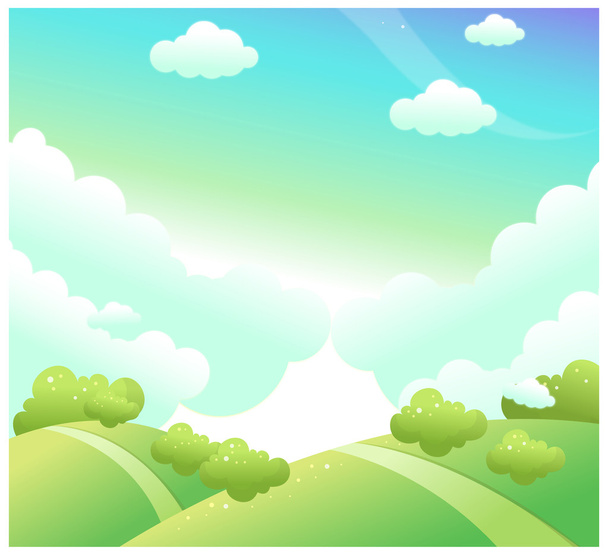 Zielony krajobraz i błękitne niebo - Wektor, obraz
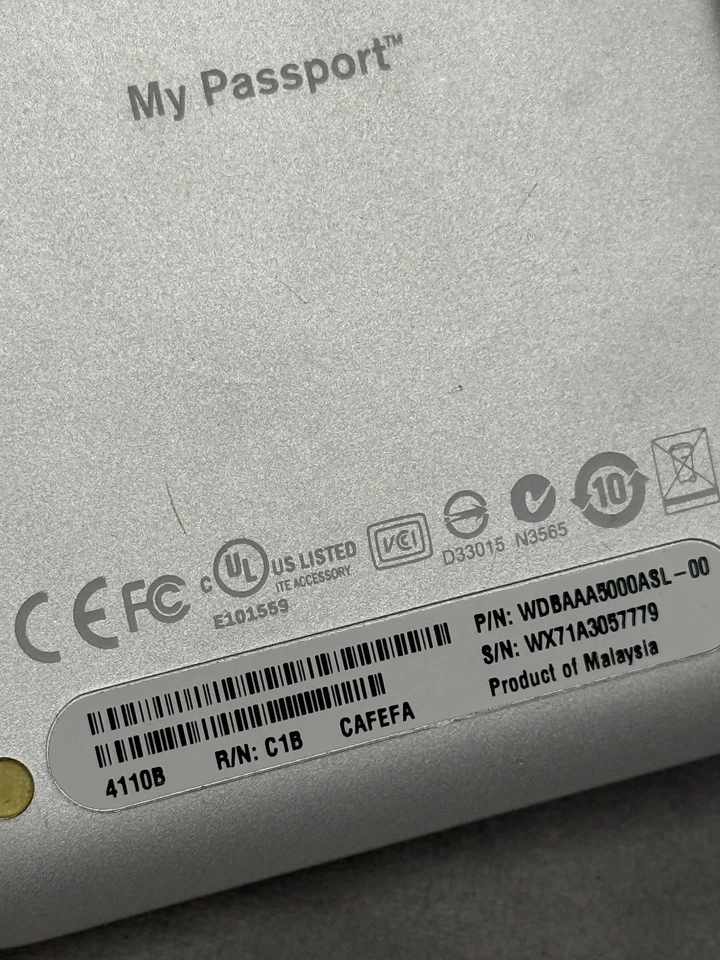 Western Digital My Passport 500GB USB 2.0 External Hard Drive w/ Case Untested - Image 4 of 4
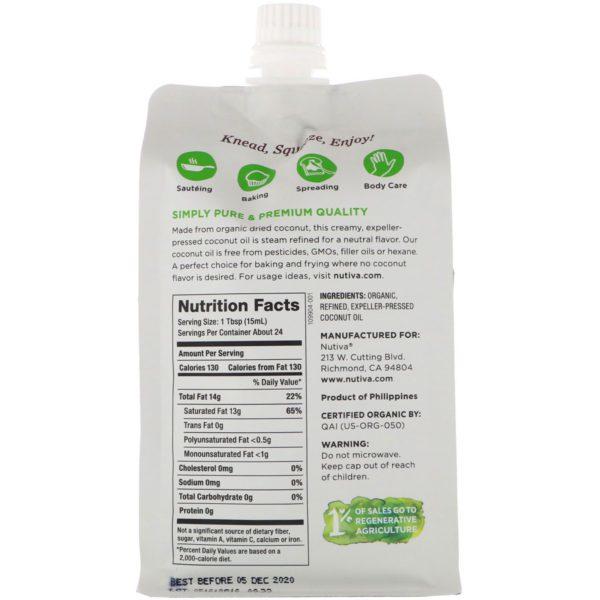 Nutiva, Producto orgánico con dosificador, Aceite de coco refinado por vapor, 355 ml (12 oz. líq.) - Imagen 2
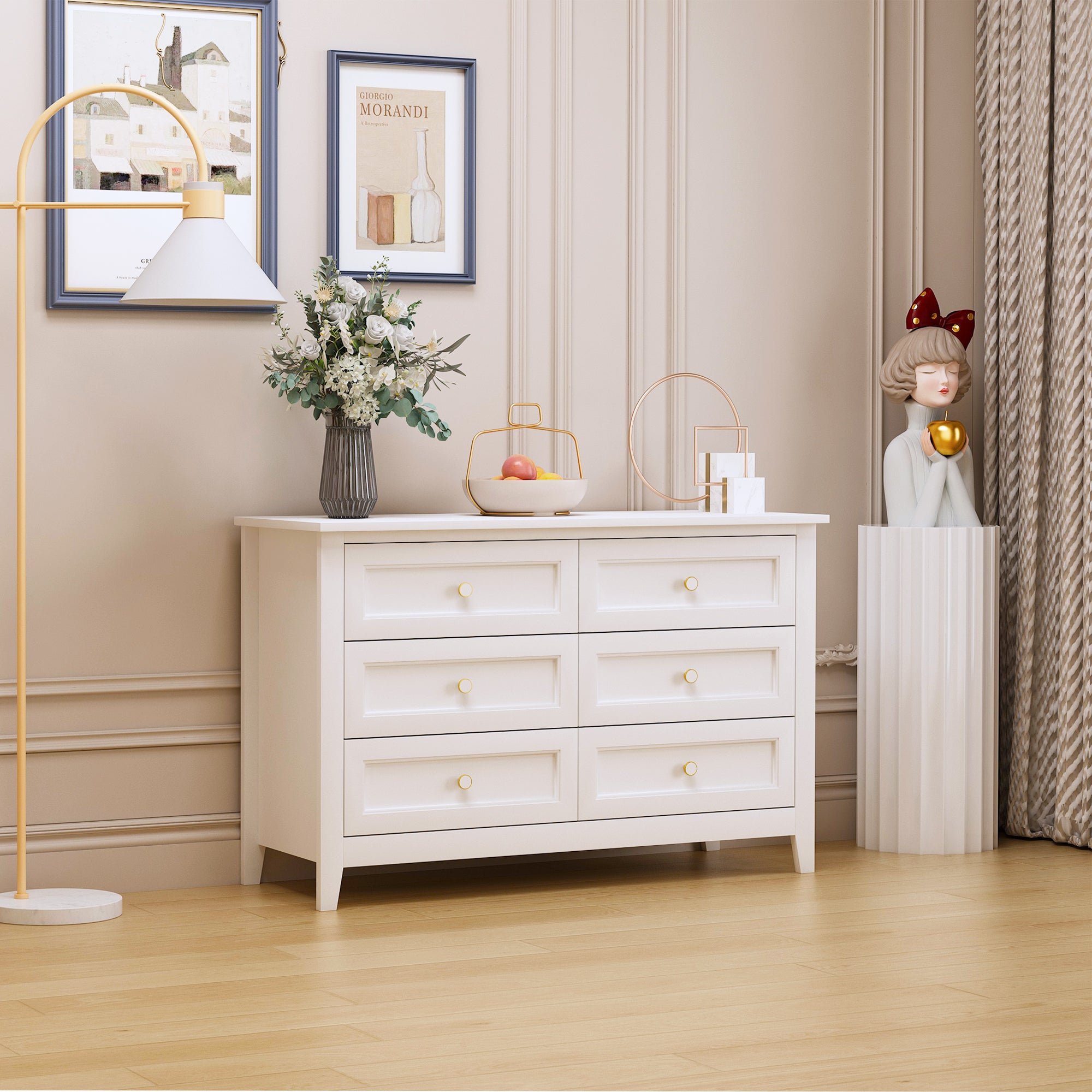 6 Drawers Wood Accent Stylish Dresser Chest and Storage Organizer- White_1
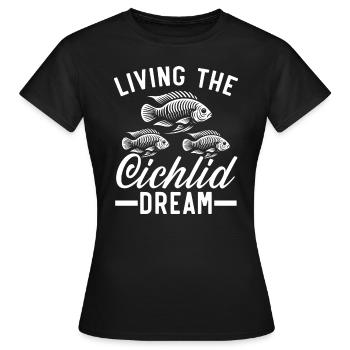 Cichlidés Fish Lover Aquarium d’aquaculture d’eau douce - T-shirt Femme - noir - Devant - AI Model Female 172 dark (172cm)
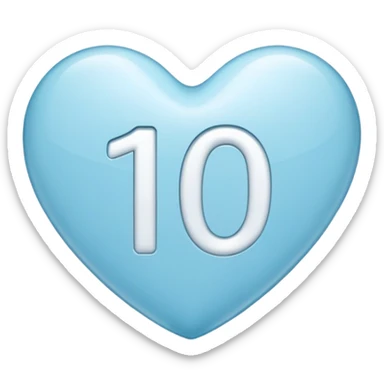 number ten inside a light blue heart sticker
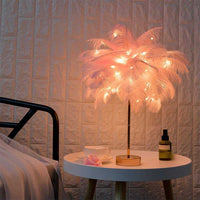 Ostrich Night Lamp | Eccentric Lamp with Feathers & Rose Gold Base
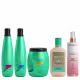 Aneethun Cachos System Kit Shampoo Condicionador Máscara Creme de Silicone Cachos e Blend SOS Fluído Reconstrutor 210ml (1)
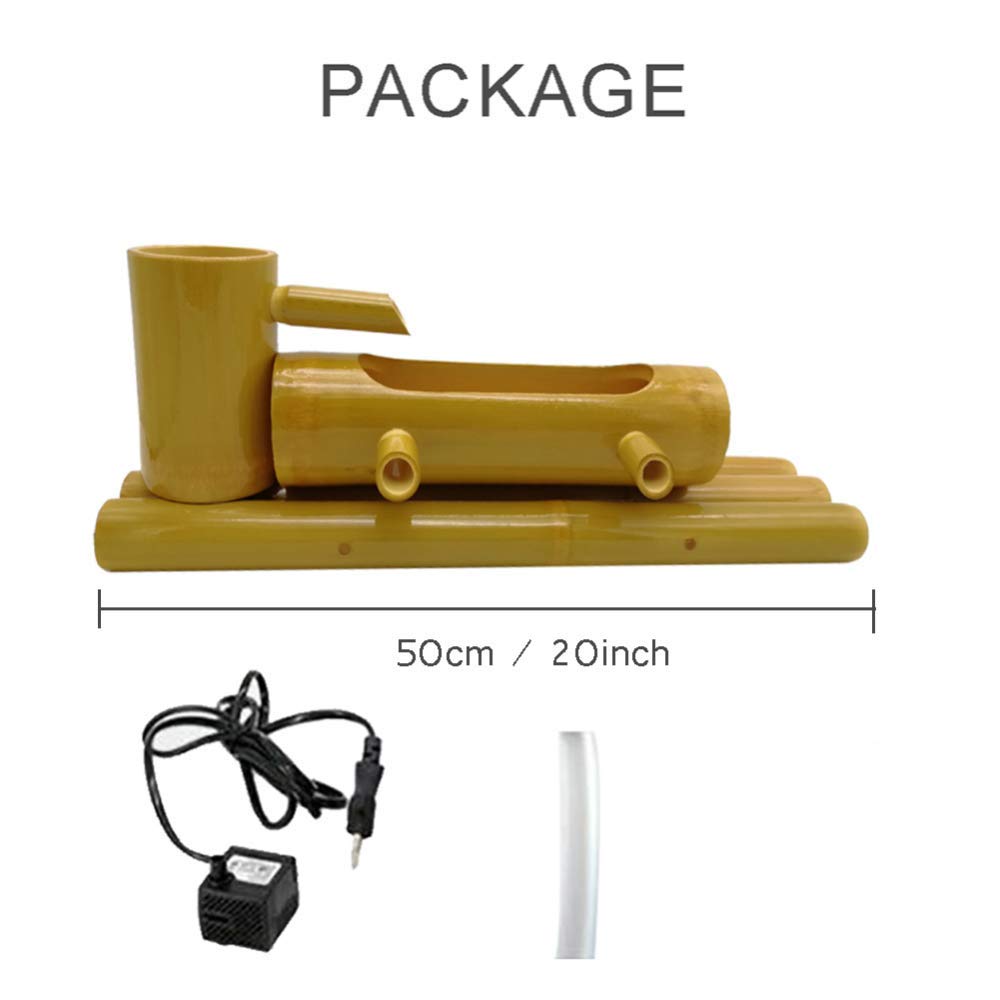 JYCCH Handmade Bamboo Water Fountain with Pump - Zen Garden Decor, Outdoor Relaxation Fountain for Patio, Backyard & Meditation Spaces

__INSTRUCTIONS TO FOLLOW__. Please write out exactly, and only, the lines from the beginning of the entries through the line containing "6 Drawers Wood", including both and skipping all pictures.

__ANSWER AREA__.
 Zielony krajobraz i błękitne niebo - Wektor, obraz
 Western Digital My Passport 500GB USB 2.0 External Hard Drive w/ Case Untested - Image 4 of 4
 Nutiva, Producto orgánico con dosificador, Aceite de coco refinado por vapor, 355 ml (12 oz. líq.) - Imagen 2
 6 Drawers Wood Accent Stylish Dresser Chest and Storage Organizer- White_1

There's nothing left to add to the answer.